Cities, communities, and businesses are finally getting back to doing all the in-person things they’ve been wanting to get back to.
But given the changes to how we meet now, how can organizers make sure that their events fit seamlessly into a city’s reopening? Also, how can events help businesses collaborate and boost the local economy like they used to? Big questions today, but we’re on it. This is how and why to partner with the local community for your event. Spoiler: It’s easy, and a win-win!
Partnering with the local community is as easy as picking up the phone.
Ring up local officials and business owners and tell them why your event is important. Ask if they want to work together to make the event even better. It’s as simple as that.
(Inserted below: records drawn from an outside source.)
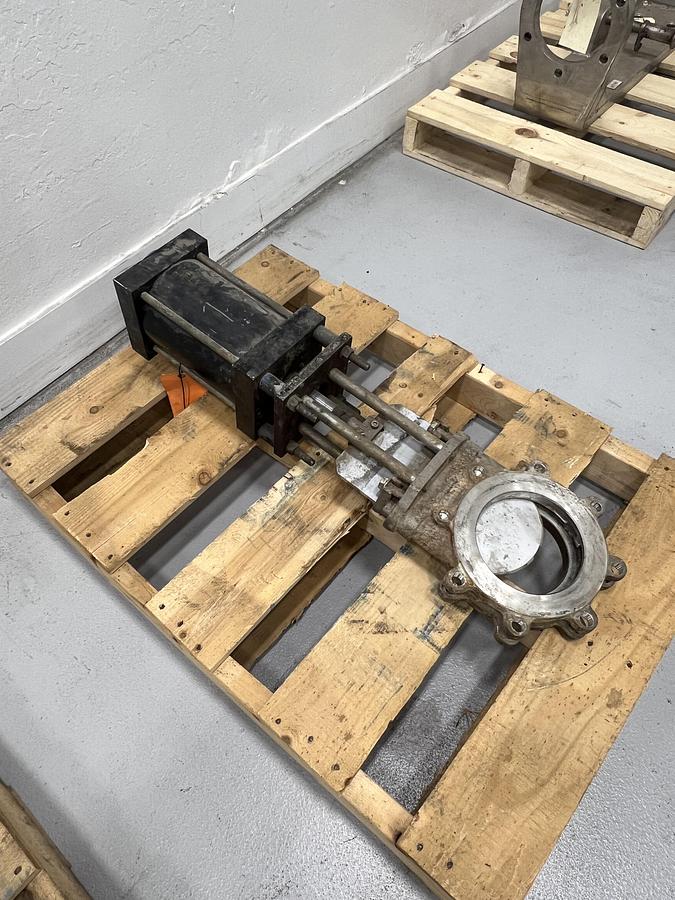 Used North Port 6" Air Operated Knife Gate Valve #47370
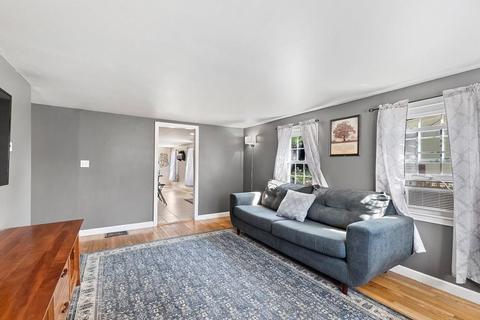 49 Darnell Rd, Worcester, MA 01606 photo 12
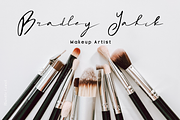Rhoutte Ganol Signature, a Handwritten Font by madeDeduk (Thumbnail 5 of 10)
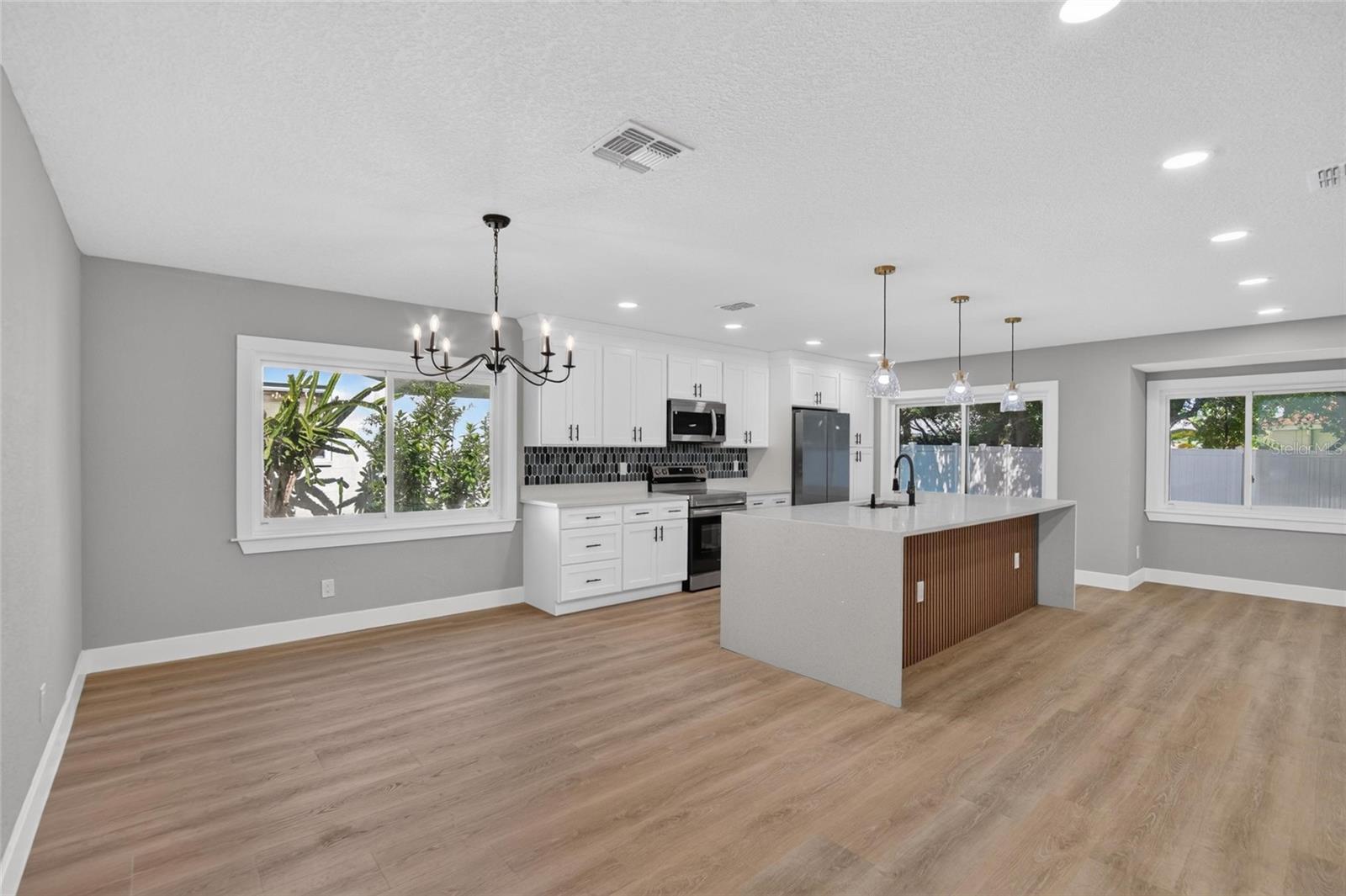 605 HILLPOINT WAY, Brandon, FL 33510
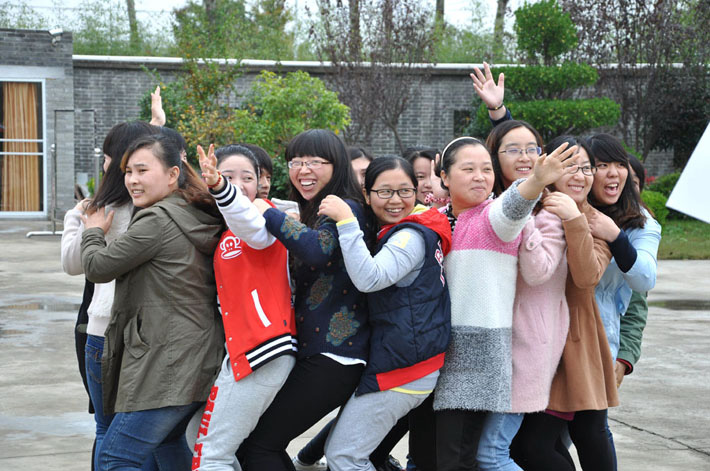 熱烈慶祝鹽城思科2014年Q3季度優(yōu)秀員工表彰大會圓滿舉行！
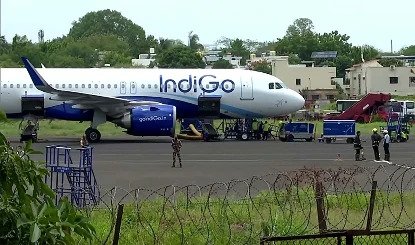 फ्लाइट रद होने पर UAE होटल ने पाकिस्तानियों को नहीं दी जगह? पूर्व पाक सांसद का दावा, सिर्फ भारतीय-अमेरिकी यात्रियों को ठहराया फ्लाइट रद होने पर UAE होटल ने पाकिस्तानियों को नहीं दी जगह? पूर्व पाक सांसद का दावा, सिर्फ भारतीय-अमेरिकी यात्रियों को ठहराया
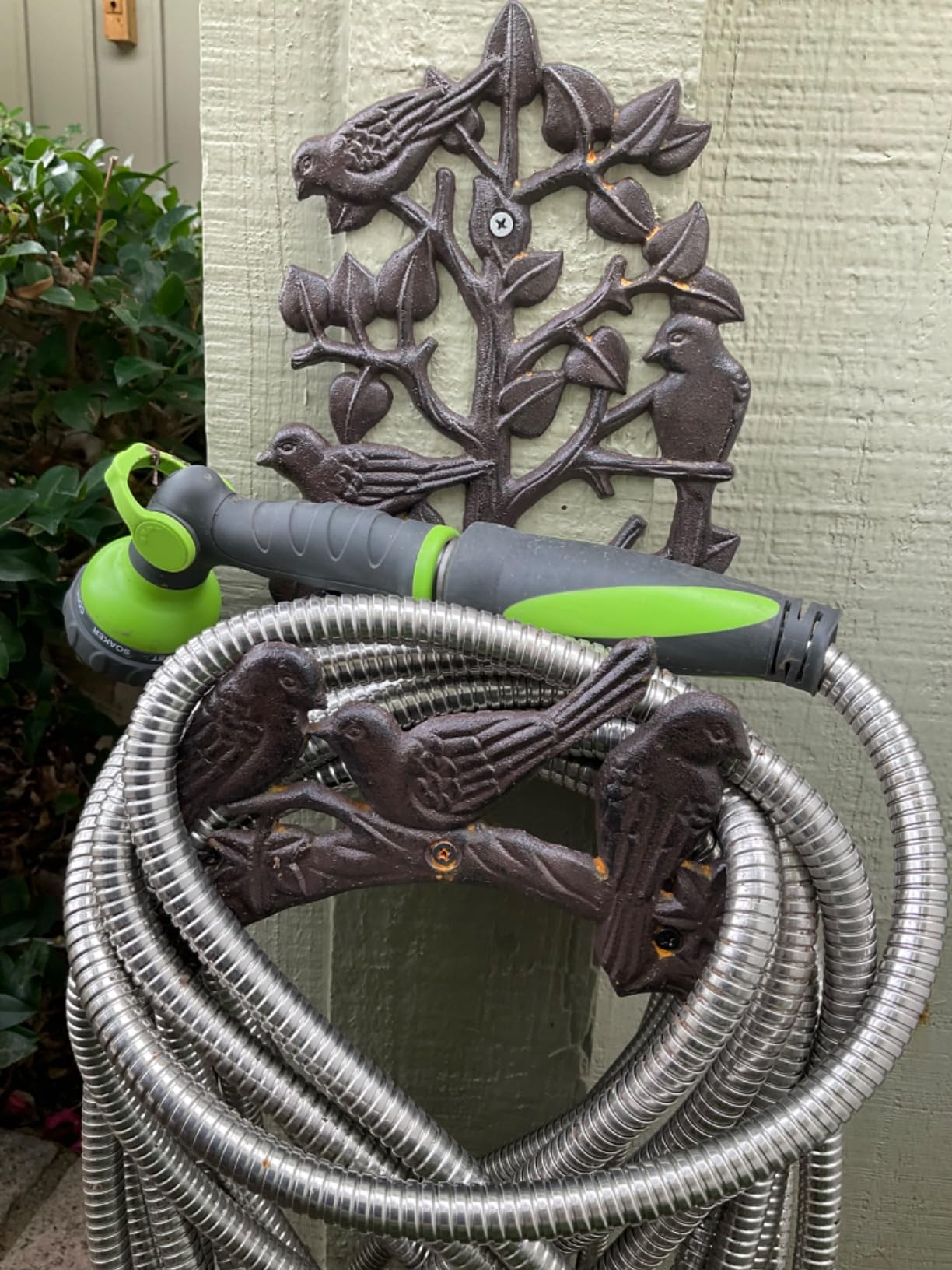 Sungmor Heavy Duty Cast Iron Hose Holder,Garden & Yard Decorative Birds Wall Mounted Hose Butler,Water Pipe Holds,Rack,Hanger,Antique Wall Decorations customer photo 2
Even if you are familiar with your event’s host city, reaching out will give you tons of on-the-ground info. This could include local health and safety guidelines, how recent events went, what businesses recommend, and probably a handful of things you might not have thought about.
Make sure to ask about their recommendations for food, lodging, entertainment, fitness classes, and nightlife opportunities. Sometimes just finding out where the best coffee and bagels are is what can make your attendee’s day. Hint: It’s not always what Yelp says!
Reaching out locally is all about making connections with people that can actually help your event, and can make attendees more comfortable, or happier, or more intrigued. This is what events are all about!
Local partnerships will increase event safety.
ComicCon NYC was a huge success this year largely because the event partnered with New York City officials to make health and safety a top priority.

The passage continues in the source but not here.